# Task
Each entry below is to be copied verbatim.

*** Opening of Information provided ***

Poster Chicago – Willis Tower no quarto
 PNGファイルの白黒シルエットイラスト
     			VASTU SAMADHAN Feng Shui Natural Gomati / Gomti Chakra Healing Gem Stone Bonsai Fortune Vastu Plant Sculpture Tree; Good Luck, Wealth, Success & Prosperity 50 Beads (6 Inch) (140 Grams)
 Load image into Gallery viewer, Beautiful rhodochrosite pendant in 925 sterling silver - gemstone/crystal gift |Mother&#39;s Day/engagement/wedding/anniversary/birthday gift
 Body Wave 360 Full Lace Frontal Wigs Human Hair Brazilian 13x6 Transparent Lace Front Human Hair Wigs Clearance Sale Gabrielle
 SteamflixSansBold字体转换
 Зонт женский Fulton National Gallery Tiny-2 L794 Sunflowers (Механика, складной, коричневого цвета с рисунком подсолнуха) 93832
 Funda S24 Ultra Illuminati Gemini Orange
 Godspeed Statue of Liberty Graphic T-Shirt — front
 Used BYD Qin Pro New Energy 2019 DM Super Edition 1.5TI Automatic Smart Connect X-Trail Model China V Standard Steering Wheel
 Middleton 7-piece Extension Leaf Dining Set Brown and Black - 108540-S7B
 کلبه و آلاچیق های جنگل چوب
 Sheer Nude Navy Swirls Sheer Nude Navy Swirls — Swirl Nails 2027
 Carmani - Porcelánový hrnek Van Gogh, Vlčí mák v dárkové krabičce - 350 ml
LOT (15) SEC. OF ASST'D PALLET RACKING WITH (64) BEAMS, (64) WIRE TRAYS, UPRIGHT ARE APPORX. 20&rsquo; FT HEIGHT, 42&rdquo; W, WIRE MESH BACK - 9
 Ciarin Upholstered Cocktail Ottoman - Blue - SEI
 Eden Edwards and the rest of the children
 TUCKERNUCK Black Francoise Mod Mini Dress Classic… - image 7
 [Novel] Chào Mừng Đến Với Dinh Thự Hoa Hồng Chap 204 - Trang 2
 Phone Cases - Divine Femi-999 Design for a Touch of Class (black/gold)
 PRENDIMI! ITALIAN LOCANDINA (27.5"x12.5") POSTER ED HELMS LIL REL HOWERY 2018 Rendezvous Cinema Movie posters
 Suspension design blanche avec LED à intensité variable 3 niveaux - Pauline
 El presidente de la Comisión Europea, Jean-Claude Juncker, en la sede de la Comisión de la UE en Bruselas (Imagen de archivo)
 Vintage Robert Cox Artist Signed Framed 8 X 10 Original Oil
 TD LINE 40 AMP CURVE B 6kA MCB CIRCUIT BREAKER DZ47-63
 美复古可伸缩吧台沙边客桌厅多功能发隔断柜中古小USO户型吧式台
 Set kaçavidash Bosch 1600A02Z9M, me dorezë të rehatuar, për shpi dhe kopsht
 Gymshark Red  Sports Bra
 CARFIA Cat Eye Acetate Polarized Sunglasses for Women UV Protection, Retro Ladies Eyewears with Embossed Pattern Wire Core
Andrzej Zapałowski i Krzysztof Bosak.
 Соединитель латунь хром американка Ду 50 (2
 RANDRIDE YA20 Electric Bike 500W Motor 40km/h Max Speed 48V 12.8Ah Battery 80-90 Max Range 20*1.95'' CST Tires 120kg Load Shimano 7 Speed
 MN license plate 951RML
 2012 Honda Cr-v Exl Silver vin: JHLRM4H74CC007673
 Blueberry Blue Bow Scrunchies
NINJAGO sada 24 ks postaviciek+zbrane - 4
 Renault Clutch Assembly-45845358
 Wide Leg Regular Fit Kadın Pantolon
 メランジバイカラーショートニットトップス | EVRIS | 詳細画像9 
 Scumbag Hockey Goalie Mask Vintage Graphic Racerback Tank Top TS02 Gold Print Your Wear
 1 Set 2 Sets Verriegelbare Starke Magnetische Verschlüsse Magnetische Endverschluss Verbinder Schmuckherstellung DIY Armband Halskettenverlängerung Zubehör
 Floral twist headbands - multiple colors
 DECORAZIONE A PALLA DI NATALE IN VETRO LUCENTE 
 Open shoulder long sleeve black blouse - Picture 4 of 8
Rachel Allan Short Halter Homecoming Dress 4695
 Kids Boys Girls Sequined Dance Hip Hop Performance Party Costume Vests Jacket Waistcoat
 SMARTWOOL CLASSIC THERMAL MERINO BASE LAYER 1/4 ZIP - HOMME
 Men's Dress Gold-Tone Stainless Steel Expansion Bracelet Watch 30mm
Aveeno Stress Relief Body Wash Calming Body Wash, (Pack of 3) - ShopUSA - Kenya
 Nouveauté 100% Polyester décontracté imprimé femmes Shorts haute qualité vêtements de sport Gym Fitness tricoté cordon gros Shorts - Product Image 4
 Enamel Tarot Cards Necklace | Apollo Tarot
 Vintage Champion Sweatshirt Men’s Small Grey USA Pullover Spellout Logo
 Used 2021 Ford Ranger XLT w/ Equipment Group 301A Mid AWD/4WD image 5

*** Close of Information provided ***

# Response below
Poster Chicago – Willis Tower no quarto
 PNGファイルの白黒シルエットイラスト
     			VASTU SAMADHAN Feng Shui Natural Gomati / Gomti Chakra Healing Gem Stone Bonsai Fortune Vastu Plant Sculpture Tree; Good Luck, Wealth, Success & Prosperity 50 Beads (6 Inch) (140 Grams)
 Load image into Gallery viewer, Beautiful rhodochrosite pendant in 925 sterling silver - gemstone/crystal gift |Mother&#39;s Day/engagement/wedding/anniversary/birthday gift
 Body Wave 360 Full Lace Frontal Wigs Human Hair Brazilian 13x6 Transparent Lace Front Human Hair Wigs Clearance Sale Gabrielle
 SteamflixSansBold字体转换
 Зонт женский Fulton National Gallery Tiny-2 L794 Sunflowers (Механика, складной, коричневого цвета с рисунком подсолнуха) 93832
 Funda S24 Ultra Illuminati Gemini Orange
 Godspeed Statue of Liberty Graphic T-Shirt — front
 Used BYD Qin Pro New Energy 2019 DM Super Edition 1.5TI Automatic Smart Connect X-Trail Model China V Standard Steering Wheel
 Middleton 7-piece Extension Leaf Dining Set Brown and Black - 108540-S7B
 کلبه و آلاچیق های جنگل چوب
 Sheer Nude Navy Swirls Sheer Nude Navy Swirls — Swirl Nails 2027
 Carmani - Porcelánový hrnek Van Gogh, Vlčí mák v dárkové krabičce - 350 ml
LOT (15) SEC. OF ASST'D PALLET RACKING WITH (64) BEAMS, (64) WIRE TRAYS, UPRIGHT ARE APPORX. 20&rsquo; FT HEIGHT, 42&rdquo; W, WIRE MESH BACK - 9
 Ciarin Upholstered Cocktail Ottoman - Blue - SEI
 Eden Edwards and the rest of the children
 TUCKERNUCK Black Francoise Mod Mini Dress Classic… - image 7
 [Novel] Chào Mừng Đến Với Dinh Thự Hoa Hồng Chap 204 - Trang 2
 Phone Cases - Divine Femi-999 Design for a Touch of Class (black/gold)
 PRENDIMI! ITALIAN LOCANDINA (27.5"x12.5") POSTER ED HELMS LIL REL HOWERY 2018 Rendezvous Cinema Movie posters
 Suspension design blanche avec LED à intensité variable 3 niveaux - Pauline
 El presidente de la Comisión Europea, Jean-Claude Juncker, en la sede de la Comisión de la UE en Bruselas (Imagen de archivo)
 Vintage Robert Cox Artist Signed Framed 8 X 10 Original Oil
 TD LINE 40 AMP CURVE B 6kA MCB CIRCUIT BREAKER DZ47-63
 美复古可伸缩吧台沙边客桌厅多功能发隔断柜中古小USO户型吧式台
 Set kaçavidash Bosch 1600A02Z9M, me dorezë të rehatuar, për shpi dhe kopsht
 Gymshark Red  Sports Bra
 CARFIA Cat Eye Acetate Polarized Sunglasses for Women UV Protection, Retro Ladies Eyewears with Embossed Pattern Wire Core
Andrzej Zapałowski i Krzysztof Bosak.
 Соединитель латунь хром американка Ду 50 (2
 RANDRIDE YA20 Electric Bike 500W Motor 40km/h Max Speed 48V 12.8Ah Battery 80-90 Max Range 20*1.95'' CST Tires 120kg Load Shimano 7 Speed
 MN license plate 951RML
 2012 Honda Cr-v Exl Silver vin: JHLRM4H74CC007673
 Blueberry Blue Bow Scrunchies
NINJAGO sada 24 ks postaviciek+zbrane - 4
 Renault Clutch Assembly-45845358
 Wide Leg Regular Fit Kadın Pantolon
 メランジバイカラーショートニットトップス | EVRIS | 詳細画像9 
 Scumbag Hockey Goalie Mask Vintage Graphic Racerback Tank Top TS02 Gold Print Your Wear
 1 Set 2 Sets Verriegelbare Starke Magnetische Verschlüsse Magnetische Endverschluss Verbinder Schmuckherstellung DIY Armband Halskettenverlängerung Zubehör
 Floral twist headbands - multiple colors
 DECORAZIONE A PALLA DI NATALE IN VETRO LUCENTE 
 Open shoulder long sleeve black blouse - Picture 4 of 8
Rachel Allan Short Halter Homecoming Dress 4695
 Kids Boys Girls Sequined Dance Hip Hop Performance Party Costume Vests Jacket Waistcoat
 SMARTWOOL CLASSIC THERMAL MERINO BASE LAYER 1/4 ZIP - HOMME
 Men's Dress Gold-Tone Stainless Steel Expansion Bracelet Watch 30mm
Aveeno Stress Relief Body Wash Calming Body Wash, (Pack of 3) - ShopUSA - Kenya
 Nouveauté 100% Polyester décontracté imprimé femmes Shorts haute qualité vêtements de sport Gym Fitness tricoté cordon gros Shorts - Product Image 4
 Enamel Tarot Cards Necklace | Apollo Tarot
 Vintage Champion Sweatshirt Men’s Small Grey USA Pullover Spellout Logo
 Used 2021 Ford Ranger XLT w/ Equipment Group 301A Mid AWD/4WD image 5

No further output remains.